Cientos de heridos, alguno de ellos de gravedad, con la posibilidad de engrosar
la lista de decesos. Mensajes desatinados y nada empáticos por parte de los
poderes del Estado. Violencia exacerbada por diversos intereses y esquivas
reflexiones de las personas que deberían hacer un mea culpa urgente para salvar
la poca dignidad que le va quedando a este poder político, tan ajeno al país en
líneas generales. Las cartas de renuncia de algunos ministros están advirtiendo
y dando las pautas implícitamente de lo que deben hacer a Dina Boluarte, al
Consejo de Ministros y a un Congreso del Perú; este que pareciera que juega su
partido aparte para ver qué tajada puede sacar de todo este río revuelto. Dilectos
padres de la patria. Si las encuestadoras se arriesgarían a hacer con más frecuencia
sondeos de popularidad y aceptación de todos estos personajes y organismos,
esto les puede servir de referencia a los mencionados y así responder a las
preguntas que hacía Dina Boluarte en su última presentación pública. Quizás.

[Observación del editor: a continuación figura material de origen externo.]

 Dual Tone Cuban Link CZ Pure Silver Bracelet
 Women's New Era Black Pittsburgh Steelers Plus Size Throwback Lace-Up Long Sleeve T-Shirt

Diversos organismos, politólogos,
juristas, analistas de toda índole han presentado diversos escenarios para
contener esta furia que se va expandiendo por todo el país. Esto implica la
necesaria renuncia de la presidente, un gobierno de transición con un
congresista de mayor aceptación (¿habrá?) y convocar elecciones generales con
las reformas electorales urgentes de los partidos políticos con el fin de evitar
más el deterioro en el que han caído. Un complicado panorama para los
“otorongos que no comen otorongos”. De adelantar elecciones generales, el
panorama es alarmante, pues la situación, tal como está, se agravará.
Por otro lado, la comunicación debe cambiar. Las simplificaciones ofensivas con los fallecidos civiles lindan con un tipo de insulto racista y clasista visto unívocamente desde el poder. El terruqueo contra jovencitos u otras personas que tuvieron la desgracia de caer por las balas no sólo hace enfurecer a los deudos (gran problema de DDHH que tendrán los actuales responsables), sino a los numerosos acompañantes del sepelio realizado en Juliaca: ¿toda esa gente es terrorista? ¿En qué cabeza puede caber semejante simplificación? Los grandes medios de comunicación se han vuelto una verdadera caja de resonancia, más preocupados por las pérdidas económicas (son graves, obviamente) que por las vidas perdidas. La percepción de los ciudadanos enlutados en que las vidas de sus difuntos no son relevantes. Frustración y posible impunidad.
Además, la situación que estamos viviendo cuestiona también la efectividad de la inteligencia de seguridad y las cabezas de este sistema que no advirtieron lo que se venía. Uno puede preguntarse: ¿Seguridad interna no vislumbró la coyuntura?
Estas heridas demorarán mucho tiempo en cicatrizar.